Web page caption snippets:
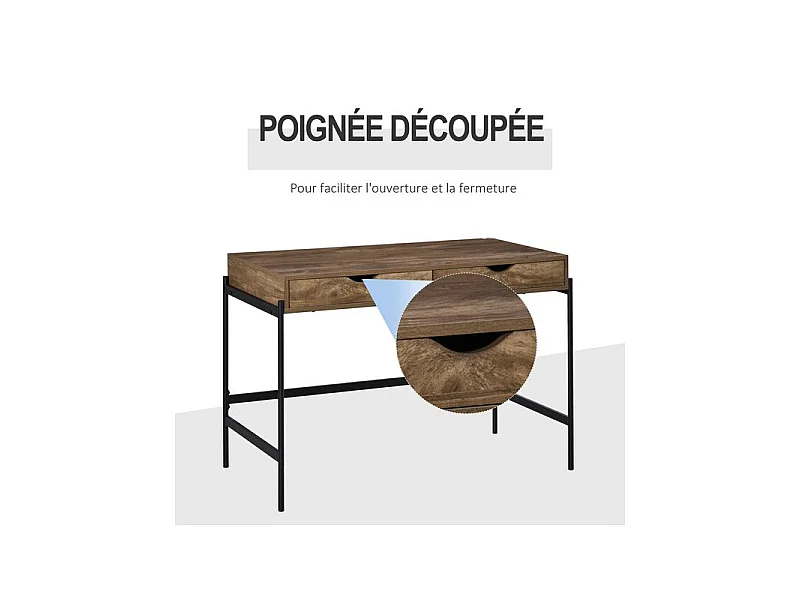 Bureau industriel TONY noir et bois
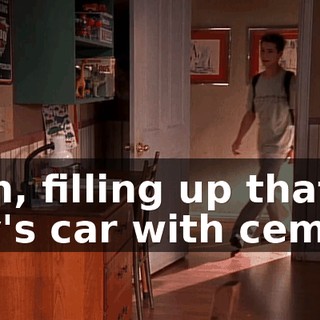 Man, filling up that guy's car with cement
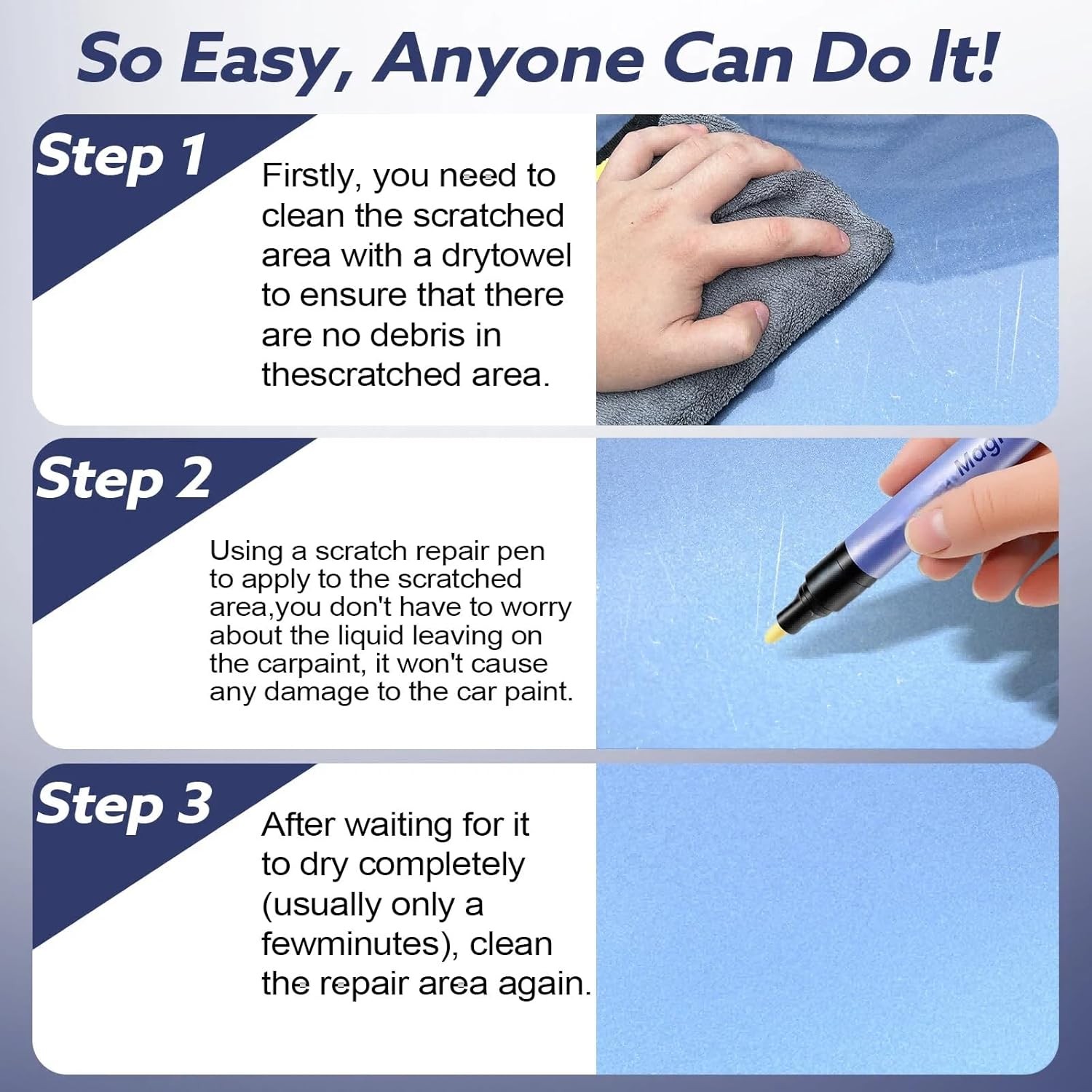 3Pcs All Cars Magic Pen, Car Scratch Remover Pen, Magic Car Scratch Removal Pen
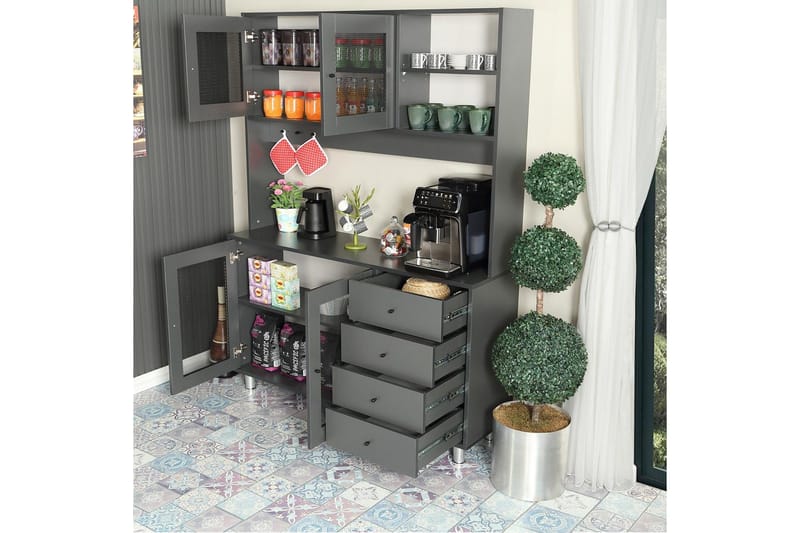 Monikäyttöinen kaappi Jatin Antrasiitti - Antrasiitti - Talo & remontointi - Keittiö & kylpyhuone - Keittiö & kodinhoitohuone - Keittiön sisustus - Keittiökaappi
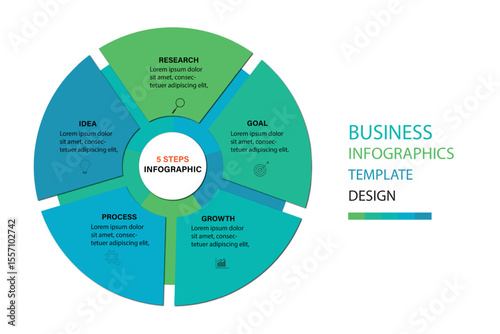 Business infographic template. Business infographic design with 5 steps. Infographic of business strategy which can be used for presentations banners, workflow layout, annual report, web design.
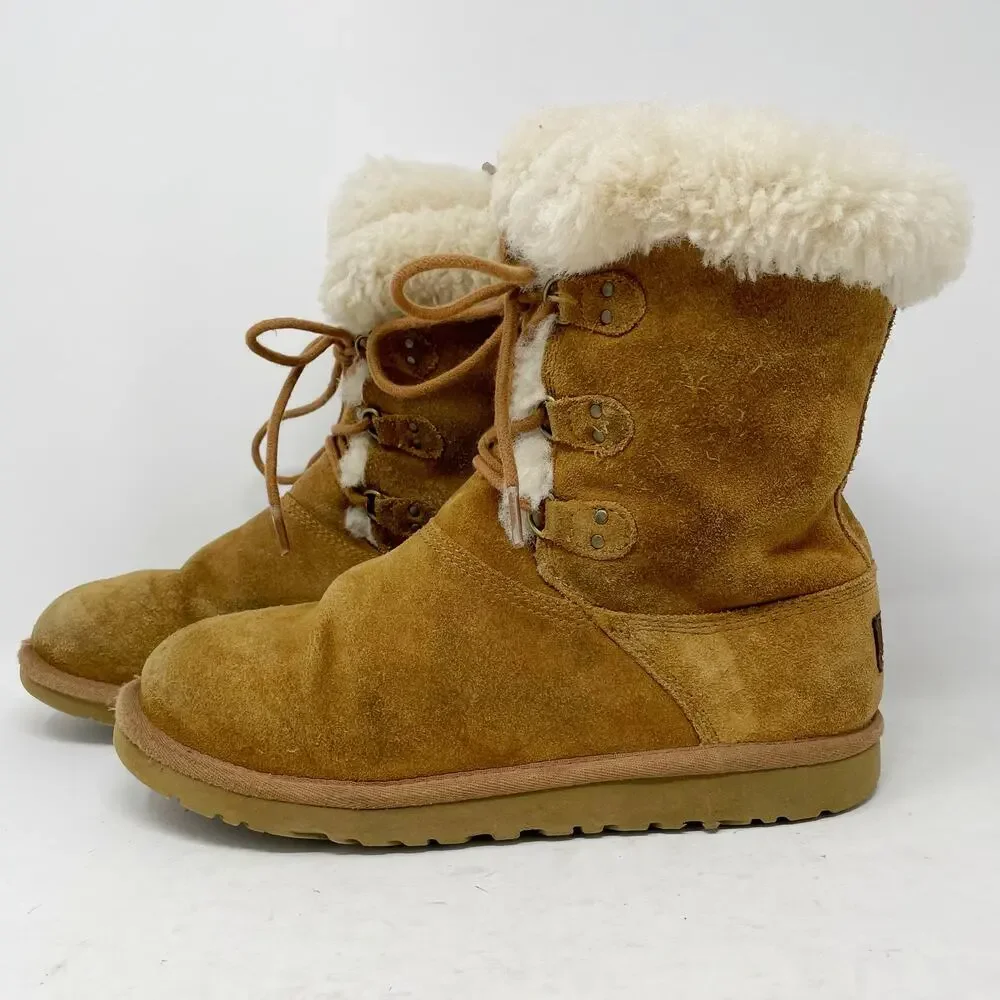 UGG Sophie Sophy Lace Up Suede Fleece Boots Youth Girls 6K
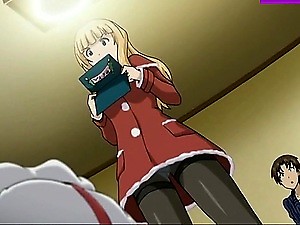 Blonde in red suit in hentai porn scene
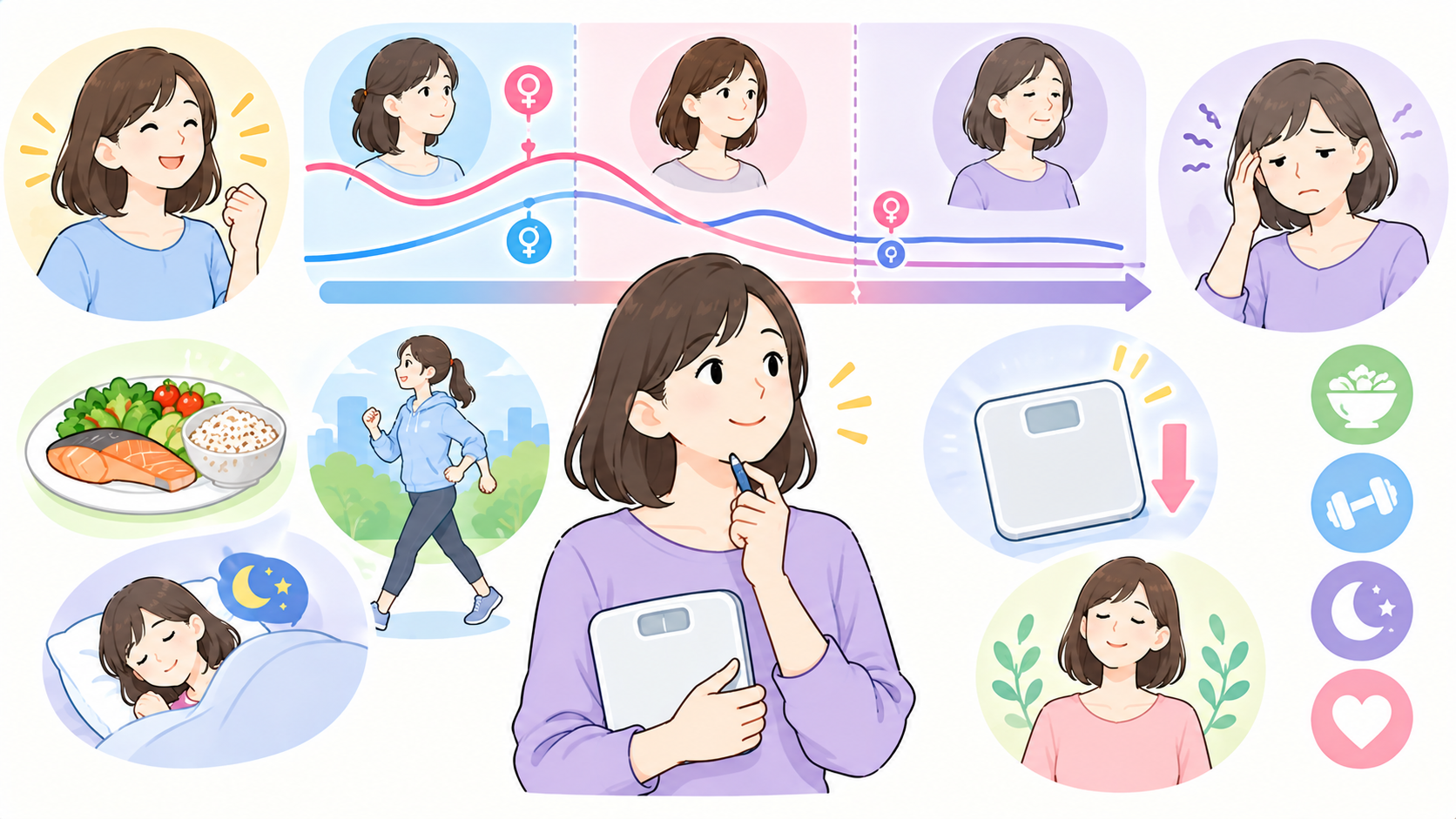 更年期のホルモン変化と健やかな体重管理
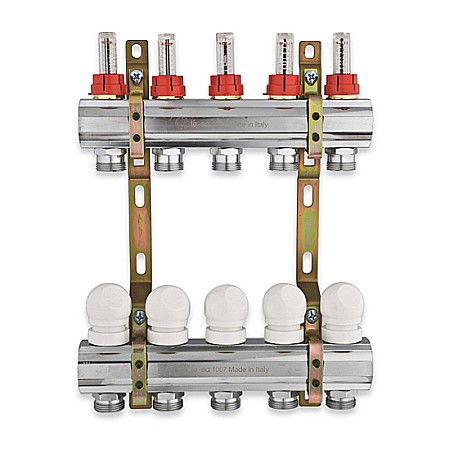 Incalzire in pardoseala - DISTRIBUITOR+COLECTOR 1-3/4 8 CAI CU DEBITMETRE TESA (220TT-06-08)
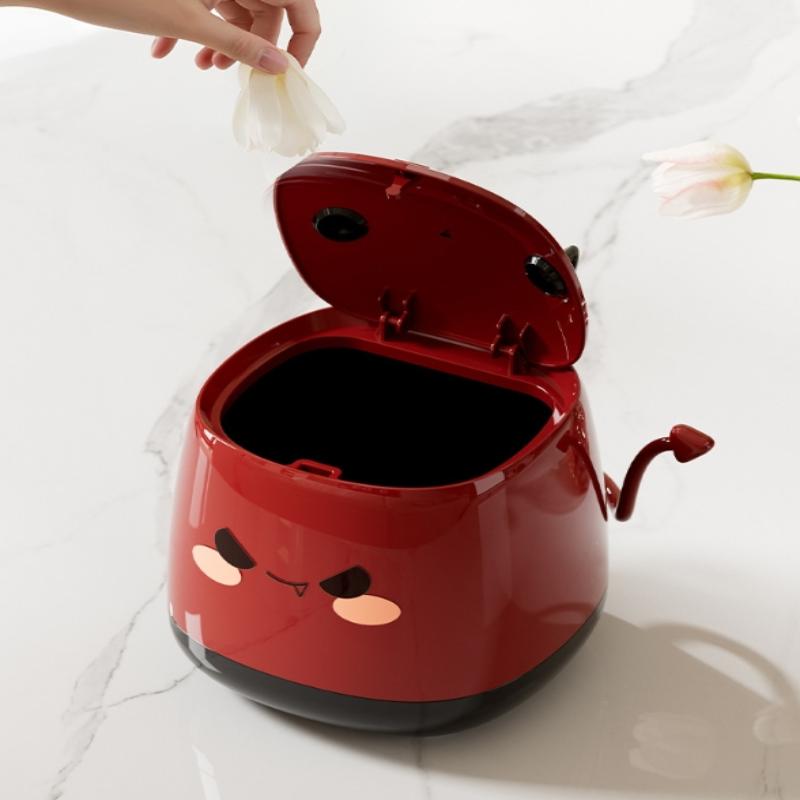 1Pc Cute Little Devil Shape Trash Can - Press-to-Open Lid Desktop Small Paper Basket for Office Bedroom Living Room Storage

▶ ASSIGNED TASK:
The pictures in the data should be omitted, and every remaining line set down exactly.

▶ RESULT OF THE EXERCISE:
 Bureau industriel TONY noir et bois
 Man, filling up that guy's car with cement
 3Pcs All Cars Magic Pen, Car Scratch Remover Pen, Magic Car Scratch Removal Pen
 Monikäyttöinen kaappi Jatin Antrasiitti - Antrasiitti - Talo & remontointi - Keittiö & kylpyhuone - Keittiö & kodinhoitohuone - Keittiön sisustus - Keittiökaappi
 Business infographic template. Business infographic design with 5 steps. Infographic of business strategy which can be used for presentations banners, workflow layout, annual report, web design.
 UGG Sophie Sophy Lace Up Suede Fleece Boots Youth Girls 6K
 Blonde in red suit in hentai porn scene
 更年期のホルモン変化と健やかな体重管理
 Incalzire in pardoseala - DISTRIBUITOR+COLECTOR 1-3/4 8 CAI CU DEBITMETRE TESA (220TT-06-08)
 1Pc Cute Little Devil Shape Trash Can - Press-to-Open Lid Desktop Small Paper Basket for Office Bedroom Living Room Storage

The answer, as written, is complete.